Work required - Each line between the one holding "No brilho inebriante" and the end of the material below, both included, is to be transcribed word for word, with pictures left out.

Supplied information -
┌──

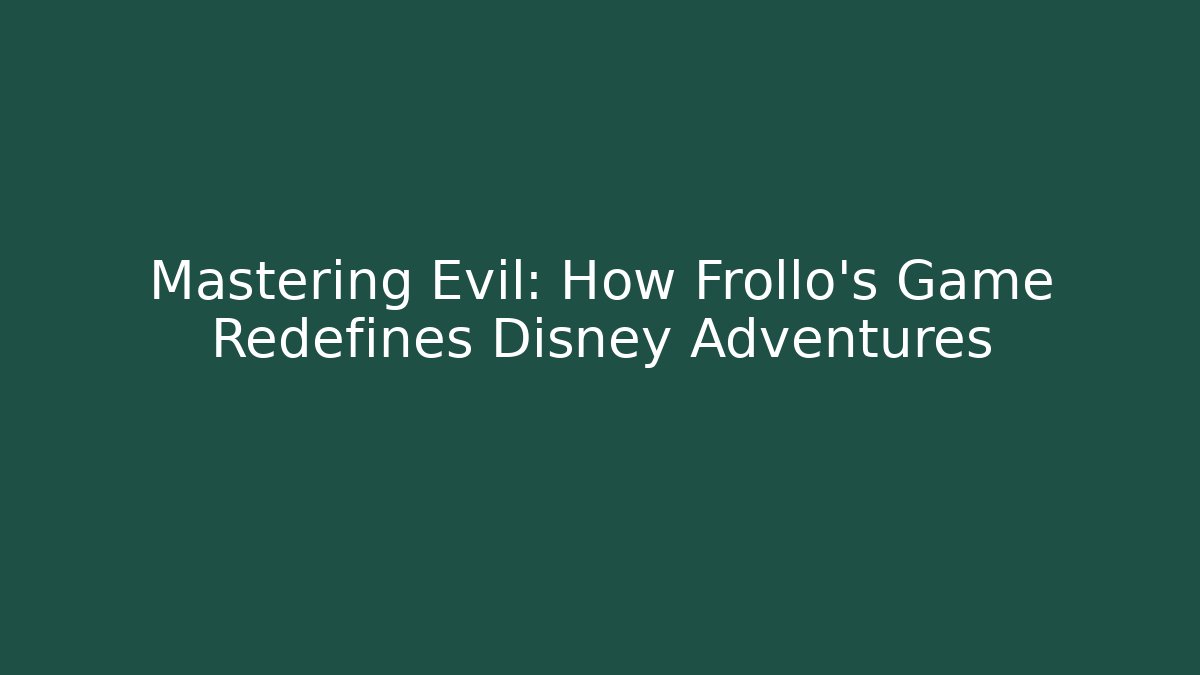 Mastering Evil: How Frollo's Game Redefines Disney Adventures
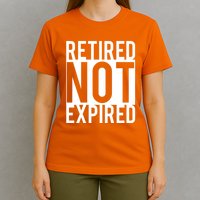 Retired Not Expired Funny T-Shirt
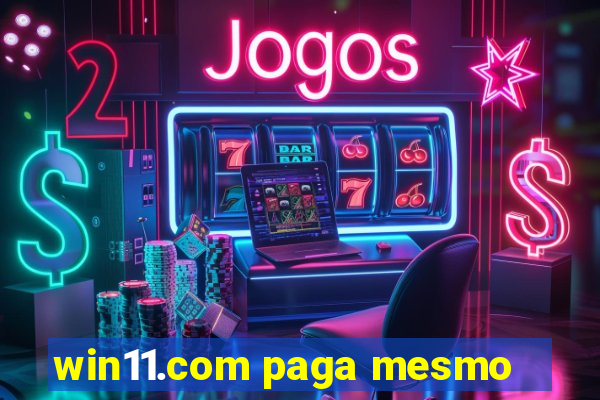 win11.com paga mesmo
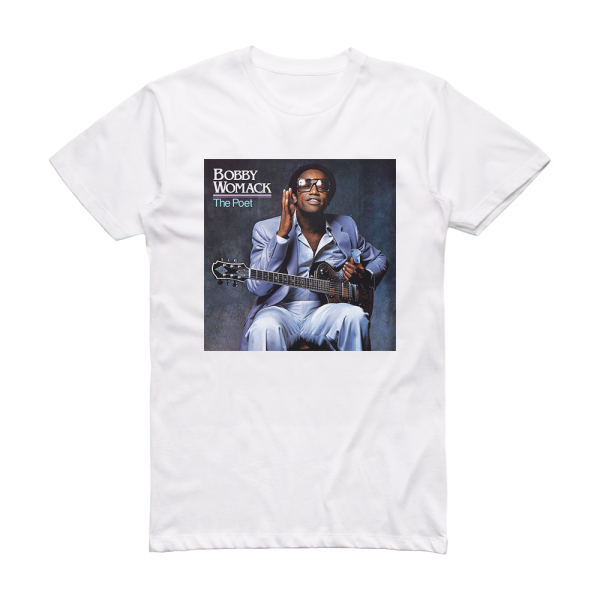 Bobby Womack The Poet Album Cover T-Shirt White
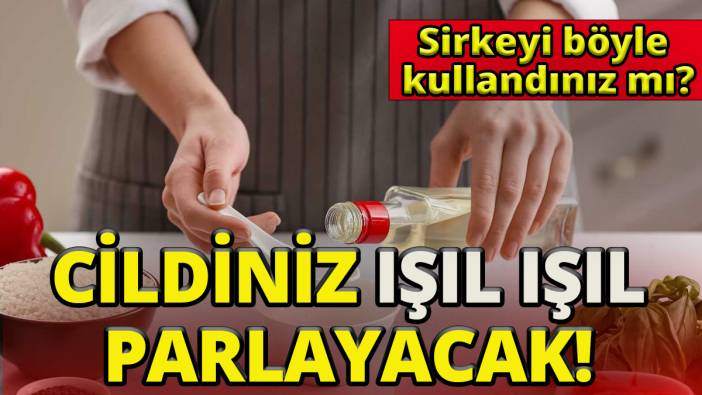 Cildiniz ışıl ışıl parlayacak'Sirkeyi hiçi böyle kullandınız mı'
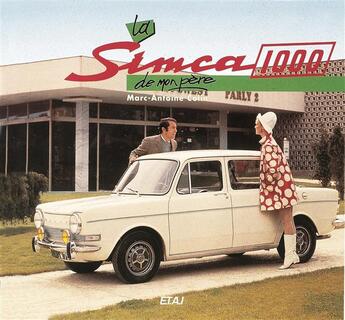 Couverture du livre « La simca 1000 de mon pere » de Marc-Antoine Colin aux éditions Etai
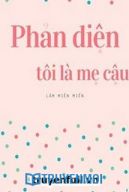 Phản Diện, Tôi Là Mẹ Cậu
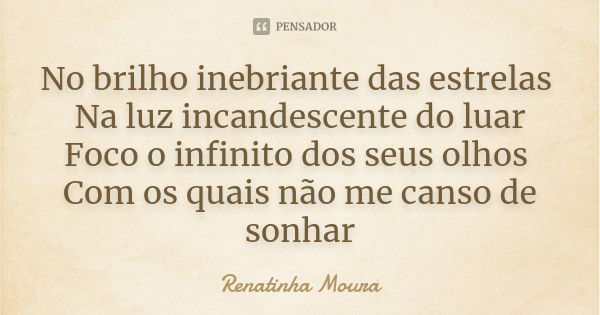 No brilho inebriante das estrelas Na luz incandescente do luar Foco o infinito dos seus olhos Com os quais não me canso de sonhar... Frase de Renatinha Moura.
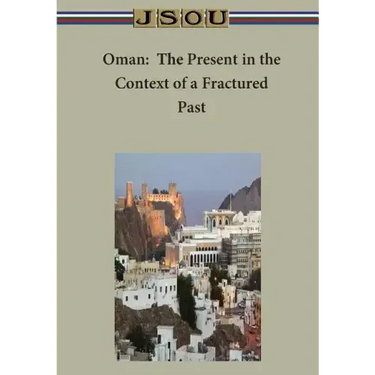 Oman: The Present in the Context of a Fractured Past
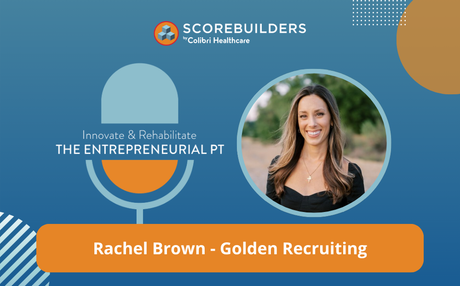 Rachel Brown - Golden Recruiting - Innovate & Rehabilitate: The Entrepreneurial PT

└──

Written solution -
 No brilho inebriante das estrelas Na luz incandescente do luar Foco o infinito dos seus olhos Com os quais não me canso de sonhar... Frase de Renatinha Moura.
 Oman: The Present in the Context of a Fractured Past
 Rachel Brown - Golden Recruiting - Innovate & Rehabilitate: The Entrepreneurial PT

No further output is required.